Some observers are asking whether, by signing this treaty, India has lost much of her maneuverability in foreign policy and taken a step toward becoming an unofficial Soviet ally.
Prime Minister Indira Gandhi and other officials insist that the treaty is not a departure from nonalignment, but merely an independent move in the national interest and that it, in fact, strengthens nonalignment.
If so, critics say, then nonalignment — a policy conceived by Mrs. Gandhi's late father, Jawaharlal Nehru, in the nineteen‐fifties and adopted by much of the African‐Asian third world — will have to he redefined. For in the Nehru view, nonalignment meant no military alliances and no mutual defense pacts — and this treaty is viewed by most observers as a defense pact.
However, Indian officials, with the same vehemence they use in insisting that nonalignment is alive, contend that the Indian‐Soviet pact is not a defense treaty, though in the same breath they say that the Russians have promised to provide essential military supplies — arms, spare parts, oil —should Pakistan attack.

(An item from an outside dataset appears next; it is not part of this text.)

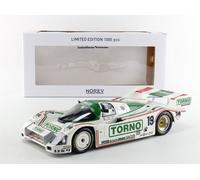 Porsche 962 C #19 3ème place 3ème place 1000km Mugello 1985 - 1:18 - Norev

One member of Parliament hailed the new “realism” in India's policy, and praised Mrs. Gandhi for having “put some meat in our vegetarian nonalignment.” Another member said: “At a time when international relations are being forged for naked self‐interest, it is absurd to talk of ideals.”
The impetus for putting some “meat” in Indian policy comes from the crisis in East Pakistan, which began March 25 when the Pakistani army launched military offensive to try to crush the Bengali separatist movement there.
More than seven million Bengali refugees have fled into India to escape the military repression, and the influx continues, placing a severe burden on India's economy. India is providing military assistance to the Bengali independence fighters and clashes have occurred between Indian and Pakistani troops on the East Pakistani border.
Pakistan has been threatening to declare war if India continues her aid to the Bengali insurgents.
Communist China has been supporting Pakistan outright. The United States, while giving sizable help for the refugees, has continued arms shipments to Pakistan.
This American arms aid to India's enemy has aroused deep bitterness and a sense of betrayal here and has brought Indian‐American relations to an all‐time low. This situation, foreign diplomats believe, has made possible Moscow's diplomatic coup.
The anti‐American mood here was reflected in an editorial in The National Herald, the paper that most closely reflects Mrs. Gandhi's views. Lauding the Indian‐Soviet treaty, the editorial said:
“The policy‐makers and potential aggressors of the United States should know that they no longer have the initiative for creating trouble in this region. They have been warned and neutralized. Aggression and threat of aggression have received a setback and the Soviet Union has rendered a great service to peace in the region.”
Observers believe the Indian glow over the treaty may not wear off in a hurry. Nonetheless, some critics are already asking whether the treaty was really necessary, whether it was not a hastily conceived pact that the Indian Government grasped out of emotion and expediency and will regret later.
These critics argue that the Russians need India as much as India needs them, that Moscow was already New Delhi's closest ally and largest supplier of arms, and that should an Indian‐Pakistani war erupt, Soviet arms would continue to flow to India without a treaty.